這樣的願望顯然曲高和寡。“迎得一鉤月到,送得三更月去,鶯燕不相猜。”對於那些滿足於現狀、不懂得憂愁為何物的人,若說“迎得一鉤月到”還在情理之中,“送得三更月去”則有些神經兮兮了。三更時分本當濃睡之際,“你有失眠症嗎?這個時候還望著月亮發呆?”張惠言用“鶯燕”一詞,來比喻這類不再為了夢中的橄欖樹而煩惱糾結的樂天派。這類人因為日子過得十分閑適,大多比較八卦。“鶯燕不相猜。”張惠言借女主人公之口謝絕了這些八卦者的盤詰猜度。我之思想、我之追尋,你們永遠不會懂得。既不懂得,便請你們莫要對我詆毀譏諷。

“但莫憑闌久,重露濕蒼苔。”從後台幽幽地傳出了一聲應答,這一聲應答,又是張惠言的畫外音吧!三更月去,並不意味著追尋的結束。執著者真是令人驚歎。現在,就連唯一能安慰你的明月也已離開,可你仍舊在守望,全然不顧你足下的玉階已是蒼苔遍生、夜露彌漫。

結句與起句形成了一個太大的落差。從“朱簾卷春曉,蝴蝶忽飛來”的歡快而到“但莫憑闌久,重露濕蒼苔”的哀愴,張惠言用生動的意象勾畫出了追夢人的欣喜、悵然、孤寂,以及她那始終如一的決心。

當我們的青春漸行漸遠、理想難以實現,你會不會如詞中女子那般,玉階獨立、癡癡守望,哪怕露濕蒼苔、羅衣寒透,仍容色不改,無悔無倦?

第四首,“今日非昨日,明日複何如?”這個開頭和第二首的“百年複幾許,慷慨一何多!”有些相似。若論激揚昂奮,此句遜之;若論智思蘊藉,此句則又強之。古希臘哲學家赫拉克利特有句名言:“人不能兩次踏入同一條河流。”今日與昨日,雖隻一日之隔,卻是截然不同。
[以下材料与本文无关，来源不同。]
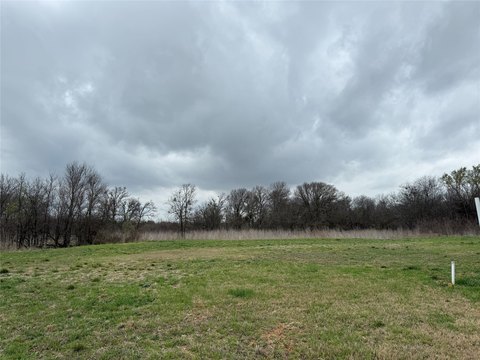 Waco, TX Improved Land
而明日與今日亦隻一日之隔,昨日既不可追,明日又當何求?

對於那些沉浸在幸福中的人,“今日非昨日,明日複何如?”是個大煞風景的想法。他們的眼裏隻有今日,心中也隻有今日。今日已是皇冠上的明珠,昨日與明日還理他作甚?那麼,什麼樣的人才會說“今日非昨日,明日複何如”呢?那一定是擁有過美好的過去,正經曆著人生的困境,對未來既畏懼又渴望的人。就比例而言,這一類人要多於前麵一種人。“人生不如意者十之八九”,想到我們十之八九的日子是在不稱心、不如意中度過的,這實在是件很難受的事情。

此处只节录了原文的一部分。